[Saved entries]
- - - - - - -

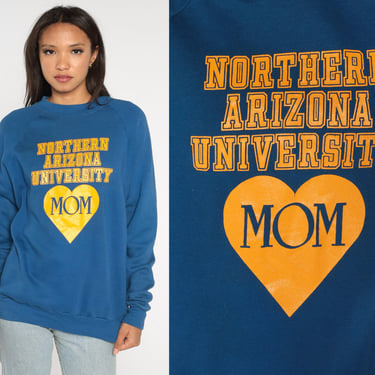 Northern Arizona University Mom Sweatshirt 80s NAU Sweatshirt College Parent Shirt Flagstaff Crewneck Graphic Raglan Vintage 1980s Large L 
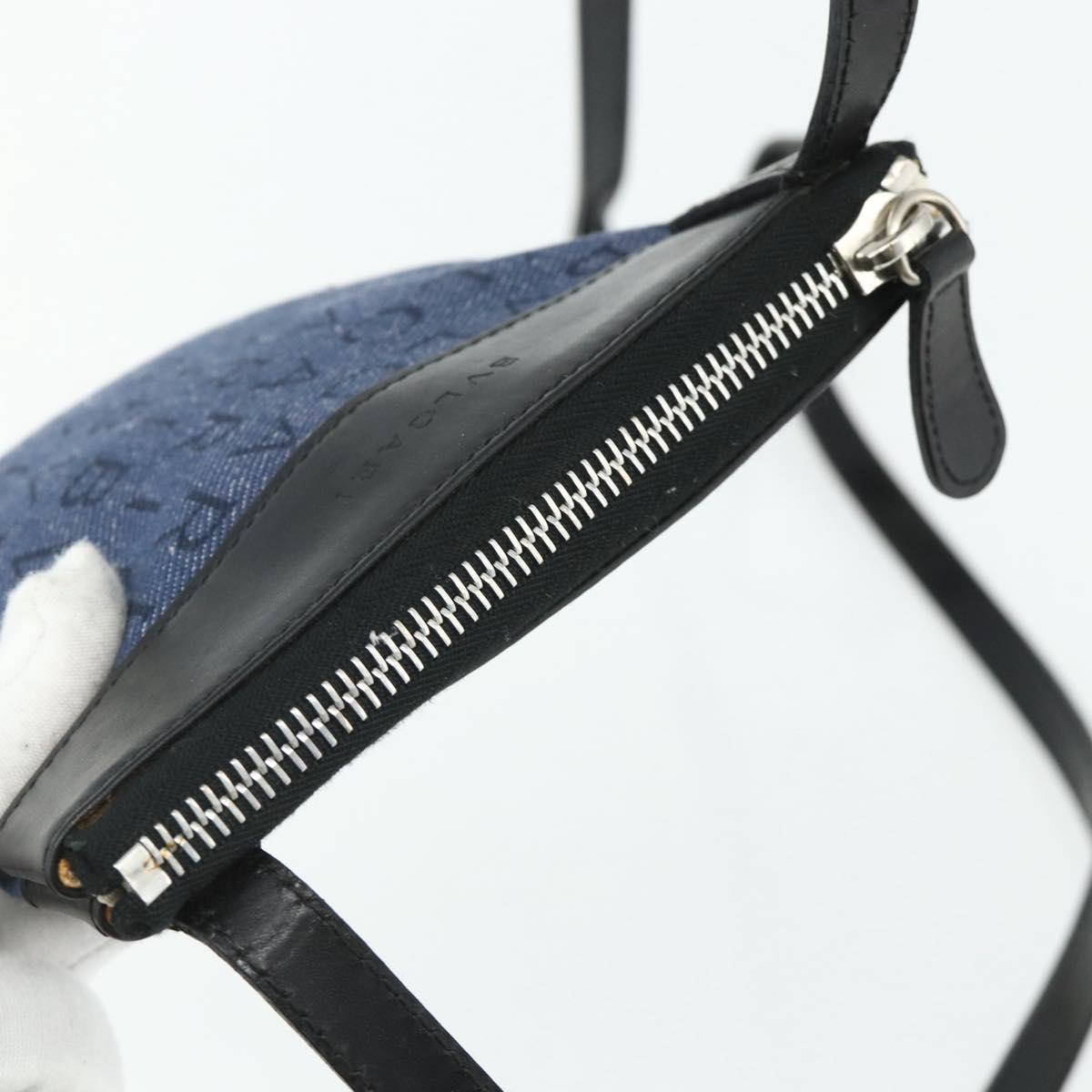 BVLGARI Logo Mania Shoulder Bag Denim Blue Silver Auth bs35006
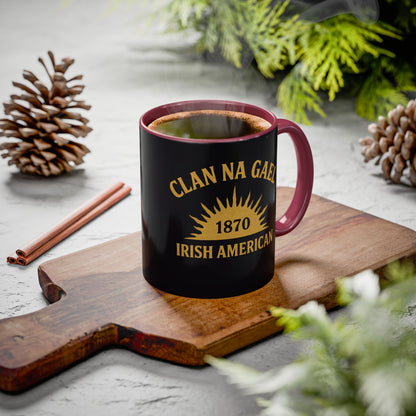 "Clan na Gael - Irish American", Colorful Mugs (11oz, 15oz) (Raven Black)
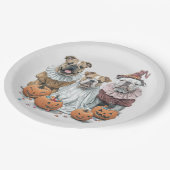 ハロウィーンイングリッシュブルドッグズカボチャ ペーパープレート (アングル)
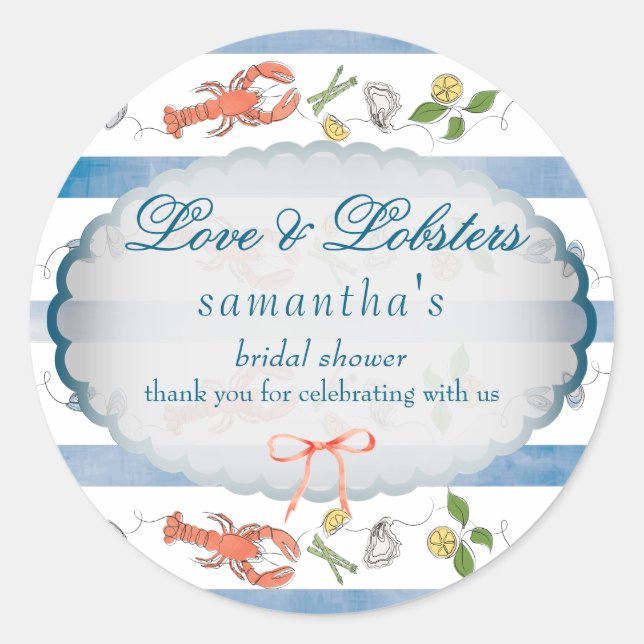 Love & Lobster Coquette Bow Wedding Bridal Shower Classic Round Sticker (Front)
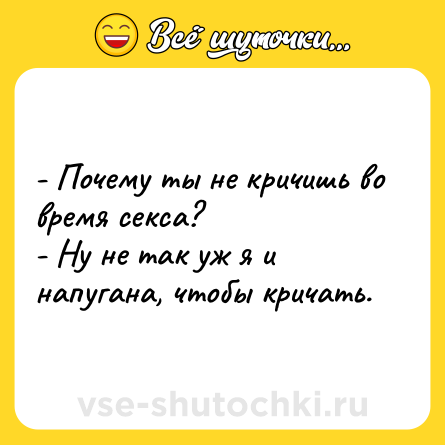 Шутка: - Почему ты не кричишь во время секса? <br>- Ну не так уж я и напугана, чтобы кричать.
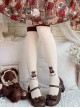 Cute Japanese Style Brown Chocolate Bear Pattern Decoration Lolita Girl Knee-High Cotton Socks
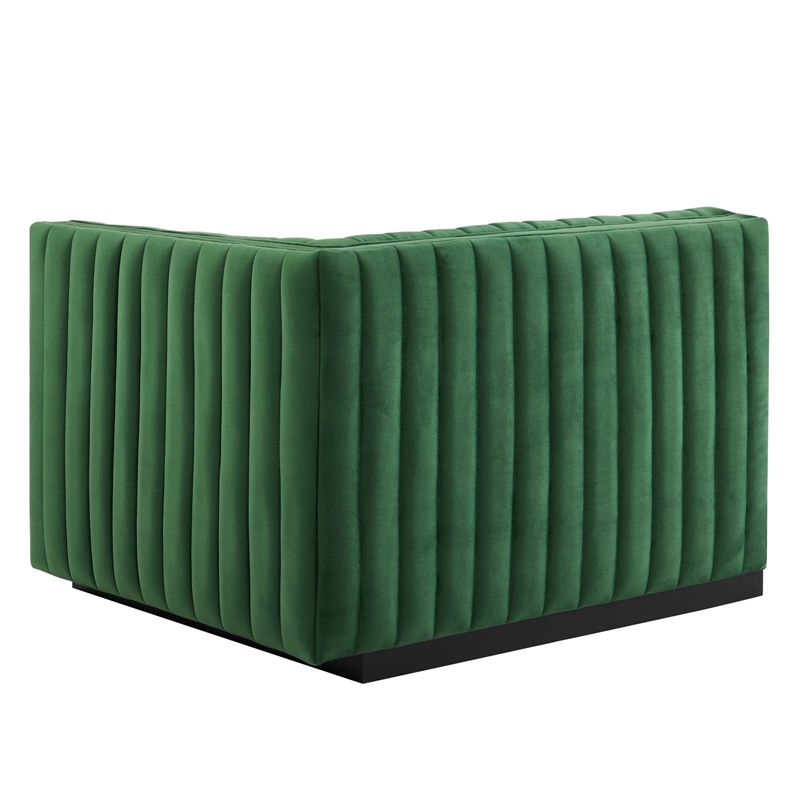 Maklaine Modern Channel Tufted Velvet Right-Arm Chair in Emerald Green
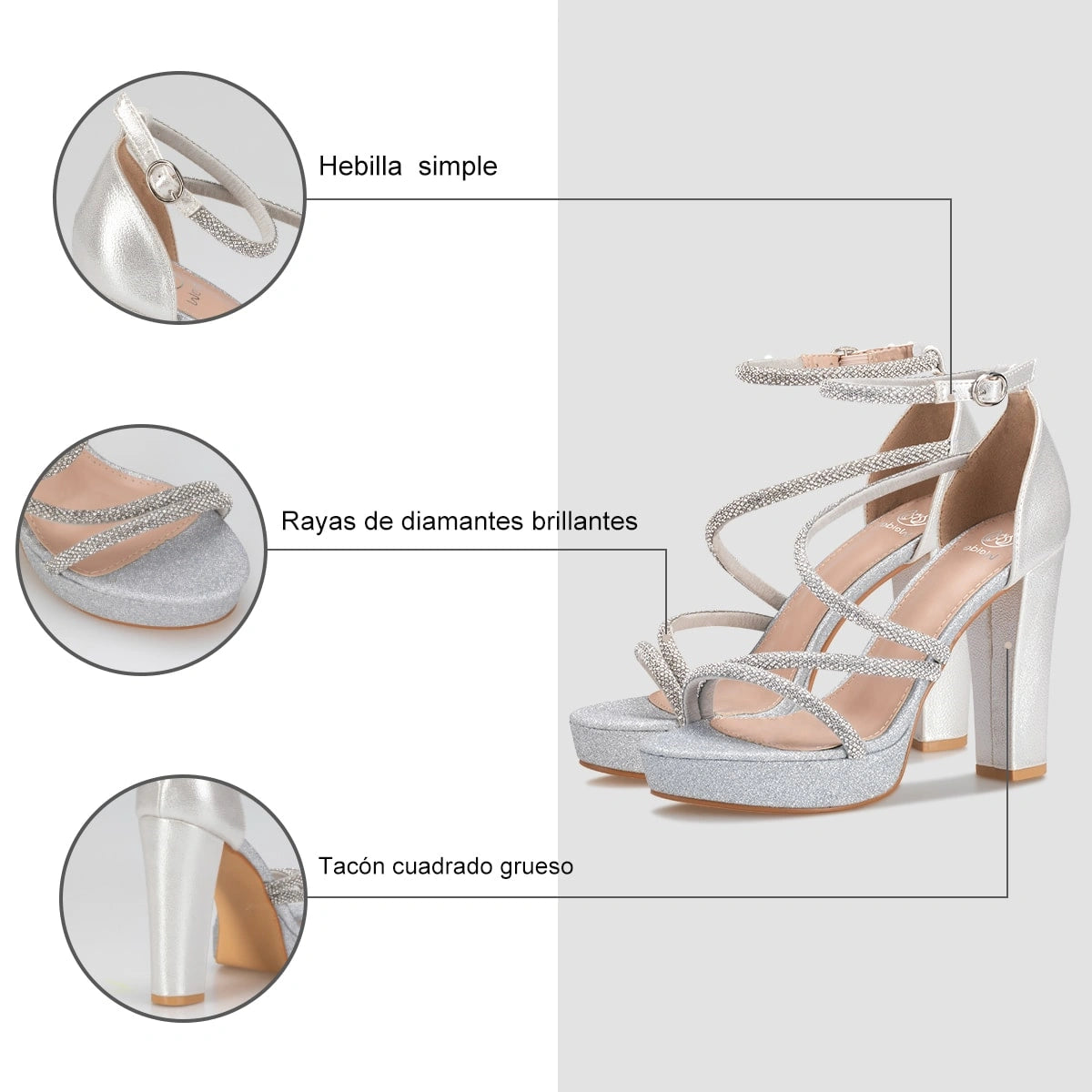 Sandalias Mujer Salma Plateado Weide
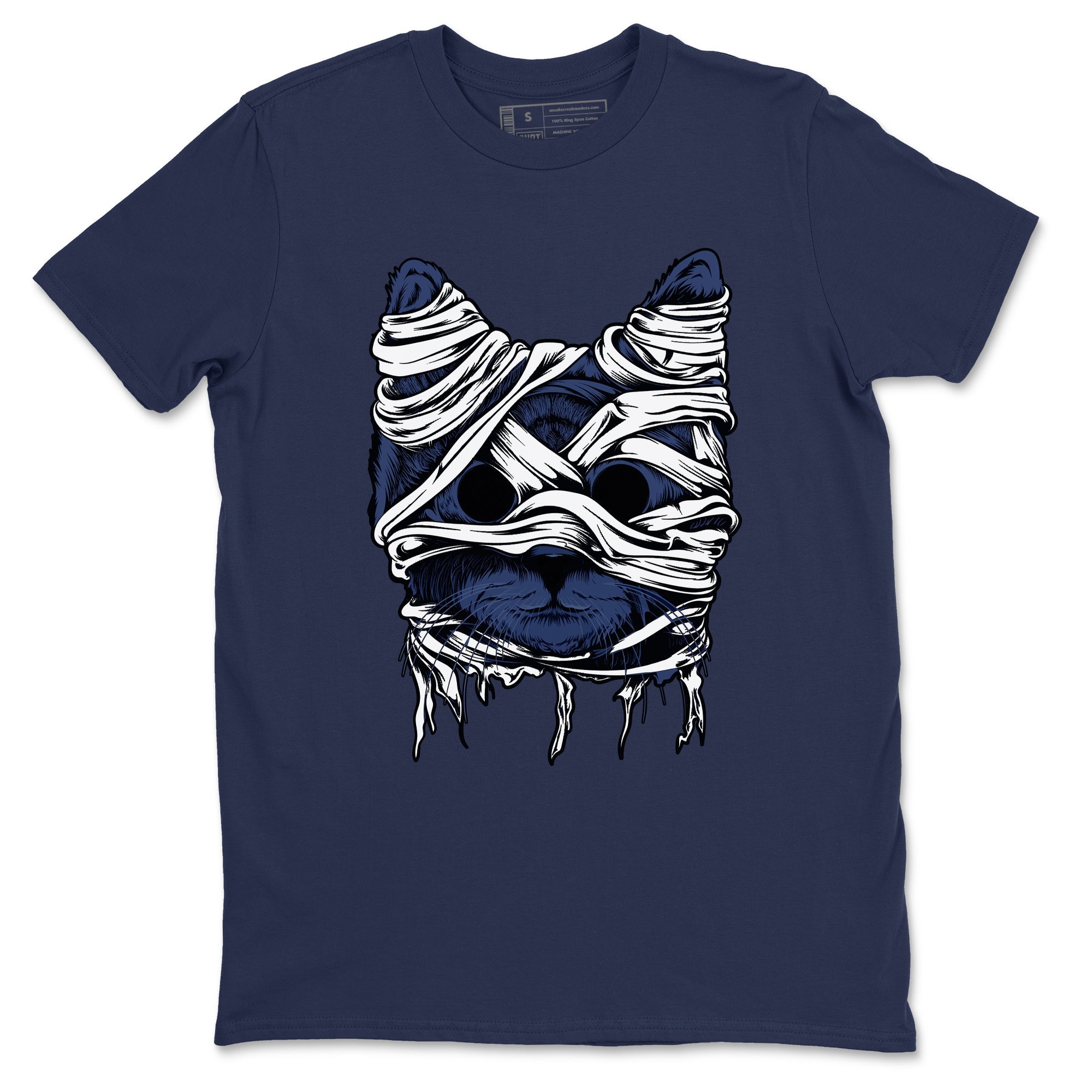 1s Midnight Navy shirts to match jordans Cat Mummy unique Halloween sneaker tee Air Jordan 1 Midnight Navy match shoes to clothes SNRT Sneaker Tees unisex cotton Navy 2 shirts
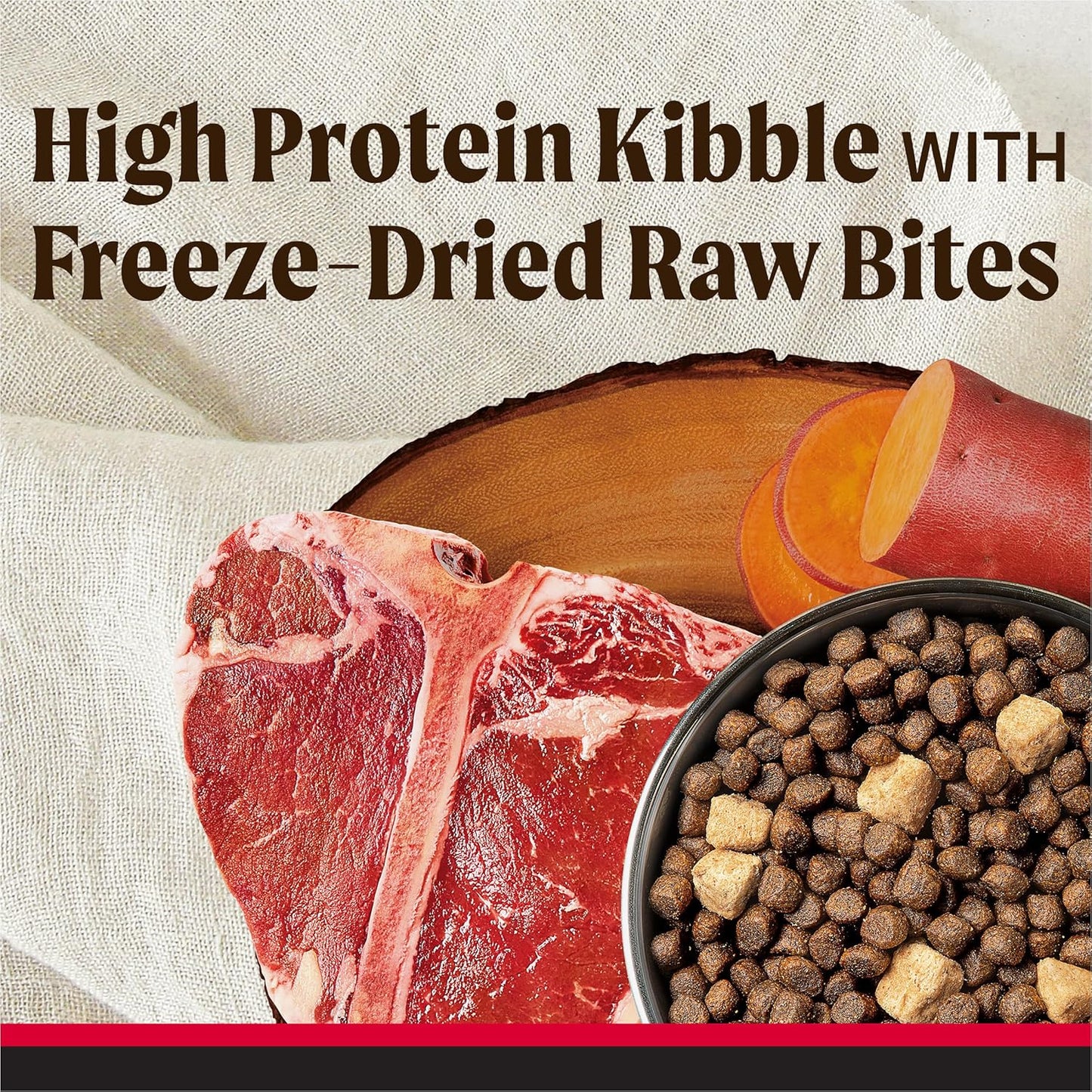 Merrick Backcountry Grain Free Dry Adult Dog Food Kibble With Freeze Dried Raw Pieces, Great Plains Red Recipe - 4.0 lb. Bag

- - - - - - -

**Task item:**
Omit the pictures and please write out exactly the lines between the one containing "ハロウィーンイングリッシュブルドッグズカボチャ ペーパープレート (アングル)" and the last line of the entries, both included.

**Your solution:**
 ハロウィーンイングリッシュブルドッグズカボチャ ペーパープレート (アングル)
 Love & Lobster Coquette Bow Wedding Bridal Shower Classic Round Sticker (Front)
 Шутка: - Почему ты не кричишь во время секса? <br>- Ну не так уж я и напугана, чтобы кричать.
 Cute Japanese Style Brown Chocolate Bear Pattern Decoration Lolita Girl Knee-High Cotton Socks
 Maklaine Modern Channel Tufted Velvet Right-Arm Chair in Emerald Green
 Sandalias Mujer Salma Plateado Weide
 1s Midnight Navy shirts to match jordans Cat Mummy unique Halloween sneaker tee Air Jordan 1 Midnight Navy match shoes to clothes SNRT Sneaker Tees unisex cotton Navy 2 shirts
 Merrick Backcountry Grain Free Dry Adult Dog Food Kibble With Freeze Dried Raw Pieces, Great Plains Red Recipe - 4.0 lb. Bag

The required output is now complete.